I visited the Metropolitan Museum last week, and while admiring the Roman and Greek art, I suddenly felt a burst of curiosity, wondering if this museum had anything on display that comes from Israel. I made my way to the Near-East wing on the second floor and roamed through the galleries observing all the beautiful treasures from Persia, Assyria, Syria, and then at the far end of the gallery I noticed a glass case containing three metal objects that were very familiar to me.
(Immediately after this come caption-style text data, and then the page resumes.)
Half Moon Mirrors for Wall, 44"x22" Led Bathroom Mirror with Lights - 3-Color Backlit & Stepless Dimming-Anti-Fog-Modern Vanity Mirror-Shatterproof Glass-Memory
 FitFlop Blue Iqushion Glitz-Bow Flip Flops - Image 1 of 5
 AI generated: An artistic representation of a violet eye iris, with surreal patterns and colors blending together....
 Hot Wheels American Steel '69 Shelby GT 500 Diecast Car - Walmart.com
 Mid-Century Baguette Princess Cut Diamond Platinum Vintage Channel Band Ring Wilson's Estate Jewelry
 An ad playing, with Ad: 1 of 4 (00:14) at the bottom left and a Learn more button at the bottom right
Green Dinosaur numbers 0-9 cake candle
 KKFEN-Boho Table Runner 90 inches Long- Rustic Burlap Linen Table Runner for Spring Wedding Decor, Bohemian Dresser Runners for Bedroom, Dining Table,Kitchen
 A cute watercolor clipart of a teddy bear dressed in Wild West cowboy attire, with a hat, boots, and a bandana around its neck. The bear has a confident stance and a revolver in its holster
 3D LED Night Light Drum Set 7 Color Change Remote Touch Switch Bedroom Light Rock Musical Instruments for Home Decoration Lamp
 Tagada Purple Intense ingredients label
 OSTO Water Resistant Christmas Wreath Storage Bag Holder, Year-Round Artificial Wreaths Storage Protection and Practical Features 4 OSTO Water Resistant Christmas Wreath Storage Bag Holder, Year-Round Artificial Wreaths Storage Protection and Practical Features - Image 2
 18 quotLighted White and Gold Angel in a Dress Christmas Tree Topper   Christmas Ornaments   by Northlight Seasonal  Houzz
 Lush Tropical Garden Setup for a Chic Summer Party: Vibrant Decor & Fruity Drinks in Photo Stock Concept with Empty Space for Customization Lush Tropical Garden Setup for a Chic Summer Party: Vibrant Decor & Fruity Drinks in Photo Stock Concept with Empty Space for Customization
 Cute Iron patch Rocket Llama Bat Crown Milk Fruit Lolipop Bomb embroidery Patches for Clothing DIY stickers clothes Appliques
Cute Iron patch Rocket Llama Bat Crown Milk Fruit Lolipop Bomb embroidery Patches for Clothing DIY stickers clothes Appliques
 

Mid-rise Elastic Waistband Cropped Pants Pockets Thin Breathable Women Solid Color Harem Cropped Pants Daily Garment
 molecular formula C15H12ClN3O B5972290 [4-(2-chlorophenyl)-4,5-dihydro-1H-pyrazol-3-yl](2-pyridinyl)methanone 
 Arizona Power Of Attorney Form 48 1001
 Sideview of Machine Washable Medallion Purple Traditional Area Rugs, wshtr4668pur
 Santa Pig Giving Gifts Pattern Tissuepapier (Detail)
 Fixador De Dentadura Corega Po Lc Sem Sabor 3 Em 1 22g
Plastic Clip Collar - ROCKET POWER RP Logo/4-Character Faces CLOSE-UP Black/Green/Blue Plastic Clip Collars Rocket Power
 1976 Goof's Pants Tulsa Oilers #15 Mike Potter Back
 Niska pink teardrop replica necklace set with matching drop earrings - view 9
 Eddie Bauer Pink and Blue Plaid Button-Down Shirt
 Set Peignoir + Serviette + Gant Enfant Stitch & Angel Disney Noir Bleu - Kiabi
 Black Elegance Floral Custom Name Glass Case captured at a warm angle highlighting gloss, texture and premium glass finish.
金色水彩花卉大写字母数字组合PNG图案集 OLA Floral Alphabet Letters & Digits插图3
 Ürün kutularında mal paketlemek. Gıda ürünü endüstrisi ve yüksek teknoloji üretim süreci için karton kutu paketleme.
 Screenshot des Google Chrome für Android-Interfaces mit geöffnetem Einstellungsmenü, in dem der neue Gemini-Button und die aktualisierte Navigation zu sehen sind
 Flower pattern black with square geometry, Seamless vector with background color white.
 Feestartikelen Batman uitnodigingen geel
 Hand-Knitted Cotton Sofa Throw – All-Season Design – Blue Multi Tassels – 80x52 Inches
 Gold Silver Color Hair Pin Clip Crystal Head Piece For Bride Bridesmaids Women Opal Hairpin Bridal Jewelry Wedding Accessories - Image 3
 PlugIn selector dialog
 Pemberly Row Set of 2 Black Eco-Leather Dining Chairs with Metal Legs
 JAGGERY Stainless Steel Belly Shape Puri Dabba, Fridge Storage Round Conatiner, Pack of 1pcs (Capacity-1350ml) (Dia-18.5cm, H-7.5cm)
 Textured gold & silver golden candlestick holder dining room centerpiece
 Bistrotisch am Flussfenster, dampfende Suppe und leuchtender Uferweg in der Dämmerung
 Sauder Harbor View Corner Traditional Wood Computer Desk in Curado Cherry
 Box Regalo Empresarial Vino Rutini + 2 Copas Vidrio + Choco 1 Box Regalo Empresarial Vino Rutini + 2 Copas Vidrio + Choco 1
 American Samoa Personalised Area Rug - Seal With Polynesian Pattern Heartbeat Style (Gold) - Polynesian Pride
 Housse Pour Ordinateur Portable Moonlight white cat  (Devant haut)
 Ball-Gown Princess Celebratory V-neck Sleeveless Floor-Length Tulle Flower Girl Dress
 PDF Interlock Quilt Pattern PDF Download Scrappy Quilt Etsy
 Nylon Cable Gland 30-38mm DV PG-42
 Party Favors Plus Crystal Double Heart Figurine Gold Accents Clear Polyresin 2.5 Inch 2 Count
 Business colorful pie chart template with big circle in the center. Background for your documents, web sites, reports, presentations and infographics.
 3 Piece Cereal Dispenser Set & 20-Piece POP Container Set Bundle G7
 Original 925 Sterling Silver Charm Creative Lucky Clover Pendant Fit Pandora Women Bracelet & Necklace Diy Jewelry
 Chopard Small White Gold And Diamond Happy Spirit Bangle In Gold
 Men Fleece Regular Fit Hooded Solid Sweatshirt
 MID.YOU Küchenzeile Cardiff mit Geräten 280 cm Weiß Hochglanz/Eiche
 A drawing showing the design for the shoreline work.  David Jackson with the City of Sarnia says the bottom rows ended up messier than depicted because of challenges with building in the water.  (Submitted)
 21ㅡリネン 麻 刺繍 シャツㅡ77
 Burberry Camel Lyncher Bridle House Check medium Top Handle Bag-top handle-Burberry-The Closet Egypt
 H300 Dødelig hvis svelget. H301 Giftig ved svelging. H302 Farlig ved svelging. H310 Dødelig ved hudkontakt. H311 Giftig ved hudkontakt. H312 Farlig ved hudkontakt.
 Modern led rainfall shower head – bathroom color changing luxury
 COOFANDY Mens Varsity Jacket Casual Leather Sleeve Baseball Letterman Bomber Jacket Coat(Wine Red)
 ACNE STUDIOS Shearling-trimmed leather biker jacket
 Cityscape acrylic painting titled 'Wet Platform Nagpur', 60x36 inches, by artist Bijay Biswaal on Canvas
I knew then immediately that the Met owns a few artifacts from the Treasure of Nahal Mishmar, from the Judean desert in Israel.
One would think, that out of all Israel’s history and contribution to the world, the Met would display something to do with Christ, or some biblical artifact, or maybe one of the Dead Sea scrolls, but no, the artifacts on display are from the pre-historic era, or rather the transition from pre-history to history, this period being known as the Calcholithic Era or the Copper Age.
The story of the treasure from the cave in Nahal Mishmar starts in the early sixties. Israel’s Departments of Antiquities, decided to implement a thorough survey of all the caves in every deep valley and ravine in the Judean desert. The survey’s purpose was to reveal and save any scrolls or parchments in this area. The Dead Sea scrolls, which were discovered a few years earlier, encouraged the local Bedouin to search and dig in every cave for more of these precious and priceless scrolls.
The survey was divided into four major ravines and the top Israeli archaeologists were each appointed to one of the ravines. Archeologist Pesach Bar-Adon was to screen and explore every cave in Nahal Mishmar which is located half way between Ein Gedi and Massada.
In one of the caves, above a sheer drop of 600 feet, only accessible by ropes and ladders, Bar-Adon’s team revealed what is now known as “The treasure from Nahal Mishmar”. Hidden in a natural crevice, covered by a large rock, and wrapped in a straw mat, the archeologists found the most extraordinary and unique collection of 442 copper, stone and ivory artifacts.
The craftsmanship was perfect, the shapes vivid, and the metal pure and clean. The surprise was even bigger when the find was dated as being from 3500 BCE, of the Chalcolithic era. This wonder has been hidden for 55 hundred years, waiting for an Israeli team to discover it.
But the mystery had only begun . The shapes of the artifacts were definitely not working tools, and they did not resemble any type of weapon. They were merely ritual artifacts used for some ancient method of worship. One of the common themes which repeated itself was the antler head of the local mountain goat, the Ibex – still to be seen until this day roaming this part of the desert.
The scholars were bewildered and had so many questions: who created these artifacts? Where did they come from? Who hid them in this remote cave and why? And what happened to these people who never made it back to reclaim their precious treasure?
No one has yet answered all of these questions, but the most common theory is an amazing story on its own: –
A few kilometers north of the cave, is the well known oasis of Ein Gedi. A small shrine was excavated there by the archeologist David Usishkin. The shrine dates to 3,500 BCE , the exact period of the treasure. The small temple known as the Ein Gedi Chalcolithic temple consists of a compound with two small rooms, one could have been for storage or the priests’ dwellings and the other appears to be the room for worship. But the biggest surprise is that both rooms were found empty!!! It seems that the people of the place were in fear of something, and they cleaned and cleared everything and left in a hurry.
This led Usishkin to the theory that has not yet been proven nor contradicted – the artifacts that were used to worship the gods of the inhabitants of Ein Gedi some 5,500 years ago, were carried out of the temple in a hurry and stashed in the cave in Nahal Mishmar.
You are all welcome to visit the Israel Museum in Jerusalem and admire these magnificent objects, and if Jerusalem is too far then please visit the Metropolitan museum, and in the Near East art wing you will find on display a few objects sending us regards from the land of Israel 5,500 years ago.